Viernes, 14 de junio de 2013 | Hoy
RESCATES
Esther Williams
1921-2013
Tírenle la toalla y seguirá mojada, los ojos verdes que agradeció el technicolor no perderán la humedad, el pelo recogido brillará más que el tocado de strass y la sonrisa dibujada domará al chorro furioso que le lancen sobre la cara. Nadie podrá nunca sacarla del agua untada desde donde entretuvo y embobó a una generación de hombres –a más de una– mientras las mujeres haciendo piruetas en la pileta de lona preguntaban “¿no parezco Esther Williams?”.
La deportista que durante la Segunda Guerra no pudo competir en los Juegos Olímpicos de Helsinki fue cuatro años después (1944) la nadadora estrella de la popular Escuela de Sirenas (Bathning Beauty), la película de la Metro Goldwyn Mayer que inauguró el musical acuático, dirigida por George Sidney. Un gossip de la época cuenta que en un primer momento sólo la habían contratado para decorar las escenas de Red Skelton (el humorista estrella de radio y tv), pero que sus extravagancias acuáticas aumentaron su fina estampa y parieron al icono kitsch. El Rhett Butler de la pantalla la bautizó “sirena” y desde aquella agua bendita “sirena” es la palabra que más se usa para hablar de ella. Esther no era una mujer con escamas, era una sirena con piernas largas. ¿Fue esa esbeltez la clave de la admiración? ¿O fue su sincronizada destreza? Malísima actuando, incapaz de memorizar un parlamento, la mujer que no sabía hacer nada si estaba seca era inigualable cuando estaba empapada. “Disciplinada y aburrida como Vargas Llosa”, le escribió Puig a Cabrera Infante. Esther dejó que el oleaje en intrépido marasmo marcara su destino, ella sólo mostraba los dientes blancos, braceaba largo, sonreía de costado y convertía el agua en fuego cuando nadaba espalda. De su boca, burbujas mejor que palabras. Debajo del mar, Esther era la perla de la ostra, el figurín que daba vueltas carnero hacia atrás con Tom y Jerry o pataditas infantiles con una tortuguita animada y también un cisne goloso que giraba alrededor de un caño tan blanco como su vestuario. Arriba, la trapecista de las cataratas, la esquiadora capaz de tirarse de una montaña mágica de agua sin otra alfombra que sus pies aleta.

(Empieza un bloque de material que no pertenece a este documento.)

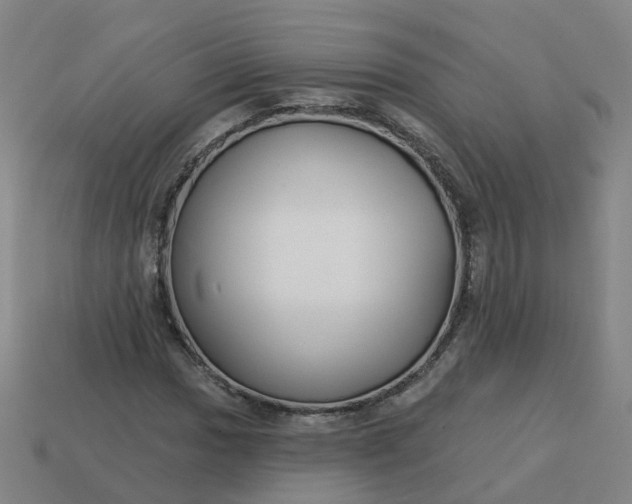 X0000114081017200910191538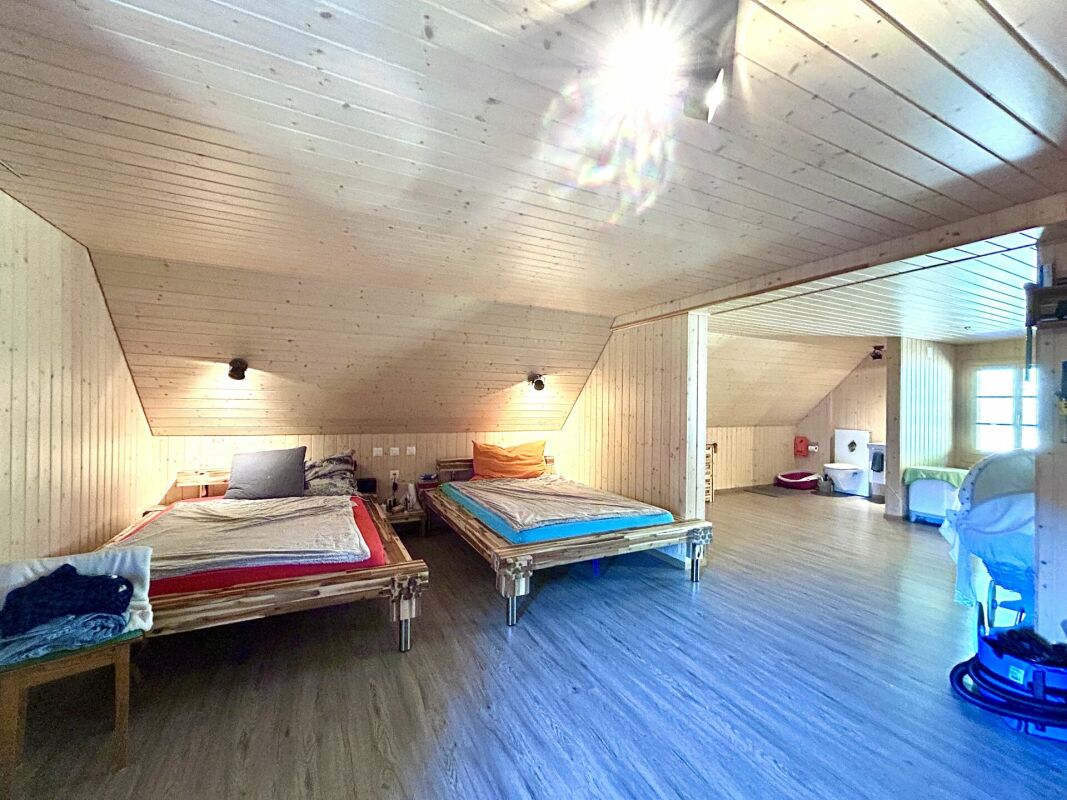 Modernisiertes Einfamilienhaus mit hochwertigem Neubau-Anbau und 3 Einstellplätzen in Thörigen -  Bild 10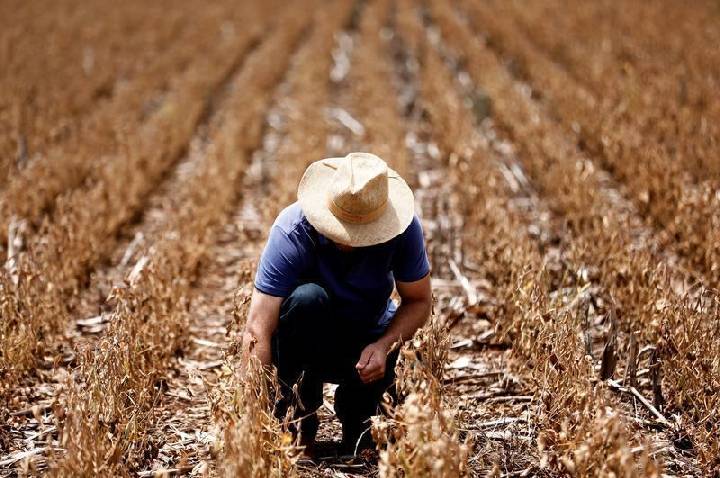 Agro pode estar deixando pior fase para trás, diz gestora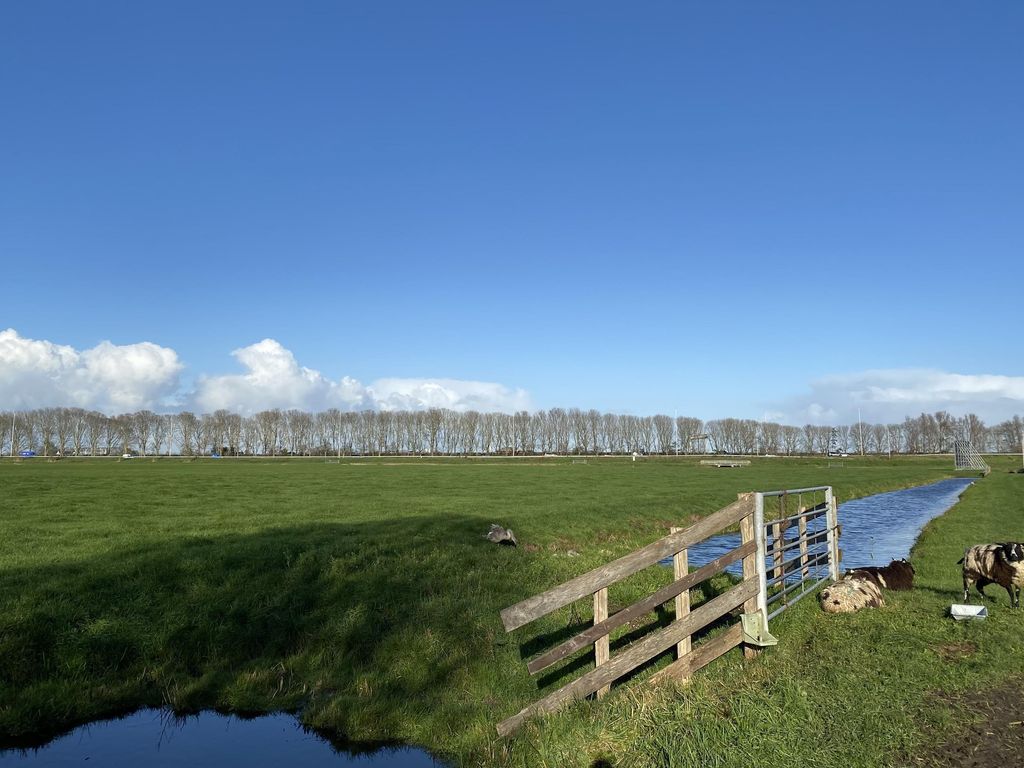 Meester van Loostraat 8, WAARDER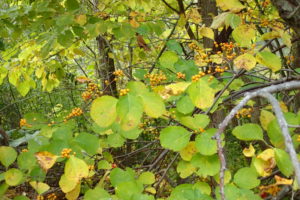 ツルウメモドキの実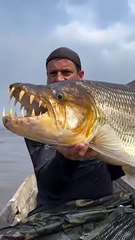 What kind of fish is this? Such scary teeth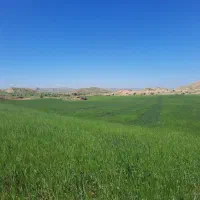 لیشتر7هکتار-زمین-صاف-یک-دست-جهت-اجاره-گندم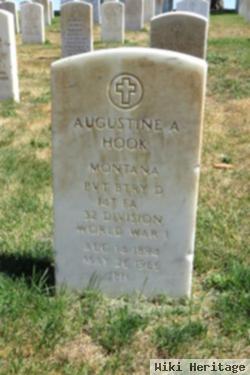 Augustine Hook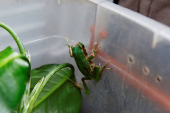 Quito Zoo introduces endangered Andean frogs to restored habitats, in Quito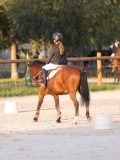 DSC05915 DSC05915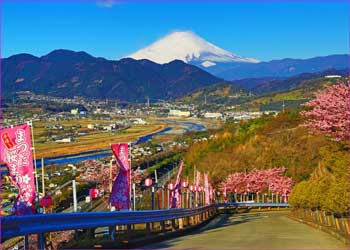 公園から富士山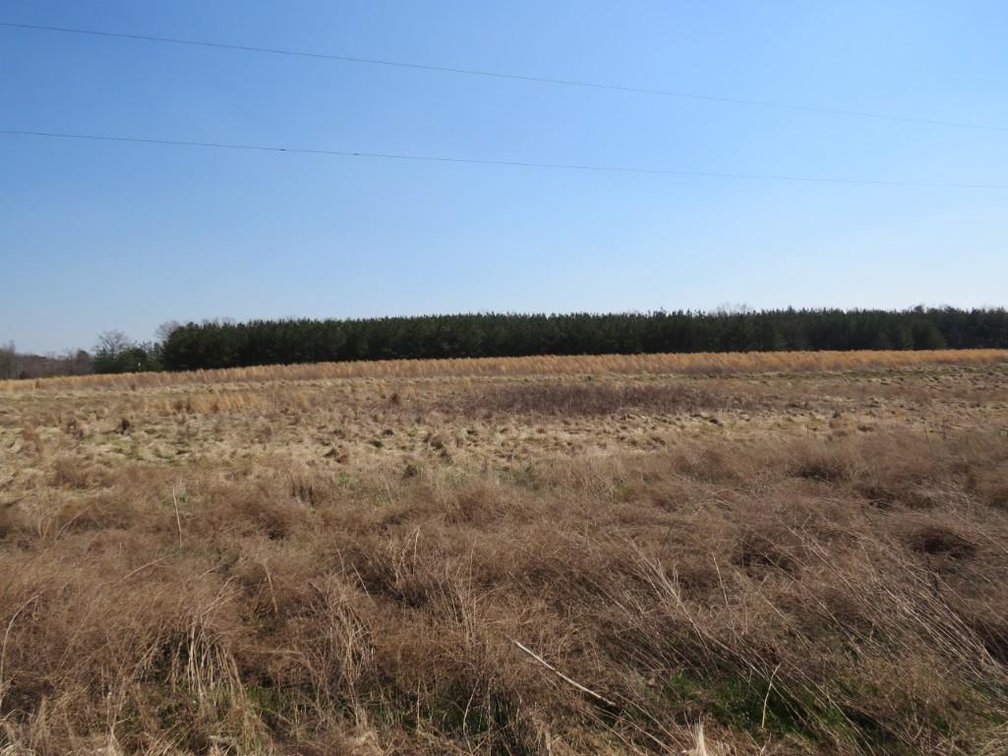 Image for Stovall Farm Land Sale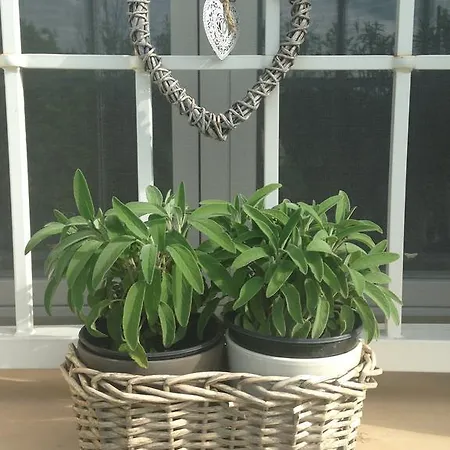 לינה וארוחת בוקר Osti 4*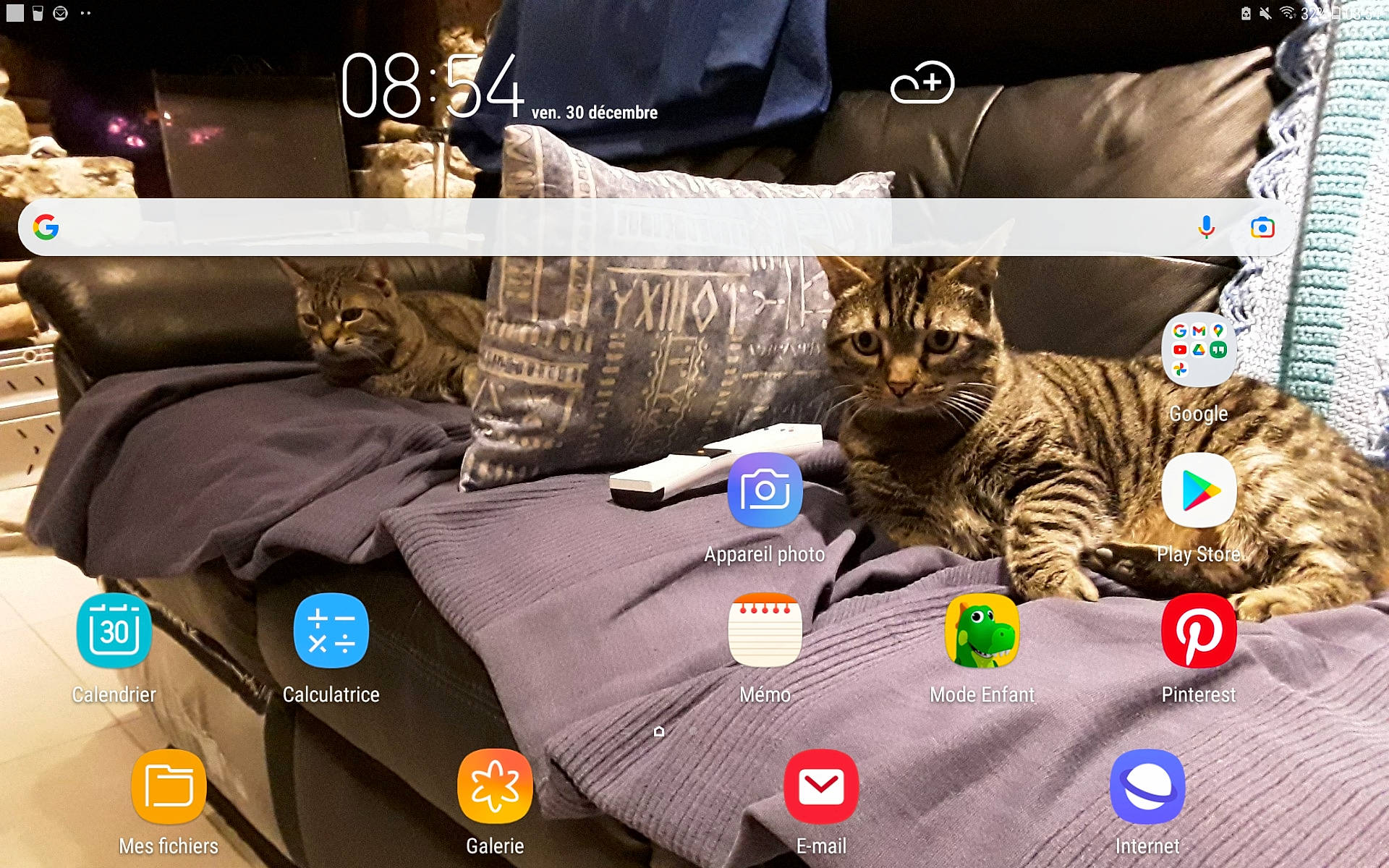 Gribouille participe au concours pour gagner de l'argent avec cette photo : bed, bedding, blanket, brand, carnivore, cat, collage, comfort, domestic_short_haired_cat, electric_blue, felidae, font, fur, linens, pattern, photo_caption, room, screenshot, small_to_medium_sized_cats, whiskers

Filmó más de veinte películas entre los años ’40 y ’50, muchas de ellas se confunden –o habría que escribir “se desbordan”– hasta en la memoria emocionada de sus fanáticos, demasiada agua. Murió a los 91 años mientras dormía (según dijeron las voces oficiales), en su casa de Bervery Hills, con un Rolls-Royce estacionado en la puerta y una pileta siempre climatizada –su obsesión última–.
Se casó cuatro veces, tuvo tres hijos y cuando Hollywood le dijo adiós –-aseguraba que vivir con un marido latino (el argentino Fernando Lamas) valía el no estar ya en la pantalla– la nadadora continuó su sueño americano fundando una empresa de piletas y otra de trajes de baño (se pueden comprar –hay fotos de todos modelos y géneros– desde su página oficial).
A lo largo de los años, la tía vieja de la pelirroja Ariel de Disney posó ante la cámara siempre con una cara nueva, como si el cloro en lugar de afectarle la vista le hubiera moldeado su rictus de estrella. Sin embargo, algo nunca cambió en Esther –ni en la jovencita rodeada de flores de loto ni en la abuelita coqueta en silla de ruedas–: sus cejas. Las usaba altas, tan altas como le permitiera el contorno final de su cara, haciendo aún más larga su silueta interminable. La bailarina húmeda nunca mostraba las yemas de sus dedos arrugadas ni ferocidad alguna que pusiera en riesgo su maquillaje, quizás porque como había nacido en la glamorosa década de Gatsby, supo desde siempre que sólo tenía que mantener a salvo el fulgor de la perlas.